Although limited results are available on the use of the levonorgestrel-releasing intrauterine system to treat endometriosis, this device has improved patient compliance over the once-daily oral progestin formulations because there is no repeated administration. Levonorgestrel enhances endometrial glandular atrophy and promotes endometrial apoptosis, resulting in a decrease in proliferation.21
Danazol: This agent is a synthetic androgen with minimal estrogen or progesterone potential. Danazol suppresses the activity of the ovary by inhibiting steroidogenic enzymes and preventing midcycle FSH and LH release. Because it can bind to glucocorticoid receptors, danazol also has been observed to modulate immunologic function.22 Danazol is administered orally in divided doses ranging from 400 mg to 800 mg daily for 6 to 9 months in mild cases; severe cases may require 800 mg per day in two divided doses. The increase in liver injury, masculinization, and risk of thromboembolism limits the use of danazol for endometriosis treatment. This drug is teratogenic and should be avoided in patients considering pregnancy. Abrupt discontinuation of danazol has been linked to idiopathic intracranial pressure (or pseudotumor cerebri), which may be due to a rebound phenomenon of cerebral vascular tone or prolonged effects of the drug’s metabolites.23
GnRH Agonists: These drugs bind to and downregulate pituitary gland receptors. The initial surge of LH and FSH may exacerbate endometriosis pain because of the ovarian stimulation. However, 2 weeks after therapy initiation, an estrogen-deficient state occurs; this is the mechanism of leuprolide and goserelin for endometriosis management. GnRH agonists also enhance apoptosis and decrease cellular proliferation in the endometrial cells.24 Some expected adverse effects are hot flashes, vaginal dryness, and atrophy. Since a hypoestrogenic state is induced, accelerated bone loss can occur in patients treated long-term with these agents. Therefore, an appropriate add-back regimen—the addition of a small amount of either estrogen and progesterone or progesterone alone—to lessen these toxicities should be considered. Leuprolide may be used in combination with norethindrone 3.75 mg per month for up to 6 months or norethindrone 11.25 mg every 3 months for up to two doses (total 6-month duration). Goserelin is administered at 3.6 mg every 28 days for 6 months.
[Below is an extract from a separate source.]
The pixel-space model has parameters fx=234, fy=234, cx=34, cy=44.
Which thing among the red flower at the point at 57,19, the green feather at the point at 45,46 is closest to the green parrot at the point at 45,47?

Although further research is required, GnRH antagonists such as degarelix are being studied as possible management options for endometriosis. These drugs differ from GnRH agonists in that, instead of downregulation, there is a competitive blockade at the pituitary GnRH receptor. Gonadotropins are suppressed without the initial flare of estrogen.25
Aromatase Inhibitors: Aromatase activity is absent in the normal endometrium but is increased in patients with endometriosis.26 This enzyme is involved in the conversion of androstenedione to estrone and testosterone to estradiol. Increased estrogen production stimulates the synthesis of PGE2, leading to inflammation. Although considered an off-label use, aromatase inhibitors have been found beneficial for patients with postmenopausal endometriosis given the competitive blockade offered by letrozole and anastrozole. Long-term treatment with aromatase inhibitors has been associated with bone loss, so vitamin D or bisphosphonates are sometimes added to the regimen to prevent this deleterious effect. For the management of endometriosis, aromatase inhibitors are taken orally once daily and may be given concurrently with combined estrogen-progestin contraceptives, progestins, or GnRH agonists.
TABLE 1 summarizes the pharmacologic options recommended for endometriosis management.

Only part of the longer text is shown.